(226e) In situ FTIR Studies of Ethanol Conversion on Zr-KIT-5 and Zr-KIT-6 Catalysts

Zr-KIT-5 and Zr-KIT-6 have been found to be active for acid catalyzed reactions such as Prins reaction, Meerwein–Ponndorf–Verley (MPV) reduction, Hantzsch reaction, alkylation, alcohol dehydration, and lignin depolimerization. In this latter reaction, Zr-KIT-5 has been particularly found to be more active than Zr-KIT-6 (at the same level of Zr content) and commercial H-ZSM-5 (Si/Al=11.5) catalysts. Here, we have used model ethanol conversion on Zr-KIT-5, Zr-KIT-6, and H-ZSM-5 catalysts to assess their acid properties. In situ FTIR-MS temperature programmed desorption (TPD) of acid site probes (e.g., pyridine) and operando FTIR-GC during ethanol conversion at intermediate temperatures (300-450 °C) showed that Zr-KIT-6 and H-ZSM-5 catalysts are primarily composed of Lewis and Brønsted acid sites, respectively.

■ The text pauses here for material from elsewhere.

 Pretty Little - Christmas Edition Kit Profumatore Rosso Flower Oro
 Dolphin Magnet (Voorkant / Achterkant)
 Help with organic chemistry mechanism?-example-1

On both catalysts, ethylene, the unimolecular dehydration product, was found to be the main reaction product; however, diethyl ether/acetaldehyde and diethyl ether/C4 olefins by-products formed as a result of alcohol bimolecular dehydration, alcohol dehydrogenation, and olefin dimerization on Zr-KIT-6 and H-ZSM-5, respectively. At the same Zr content, operando FTIR-GC of Zr-KIT-5 showed that this catalyst contains an acid site density significantly larger than that of Zr-KIT-6 and consequently resulted in a significantly higher catalytic activity. In situ pyridine-TPD and FTIR results showed apparent similar Lewis and Brønsted acid sites distribution, however, product selectivities with significant C4 olefin production resembled those of the H-ZSM-5 catalyst. These results point out to a synergy between Lewis and strong Brønsted acid sites in Zr-KIT-5. In situ FTIR suggested, however, that only a small fraction of these acid sites are responsible for ethanol conversion. Possible ethanol conversion mechanisms will be discussed.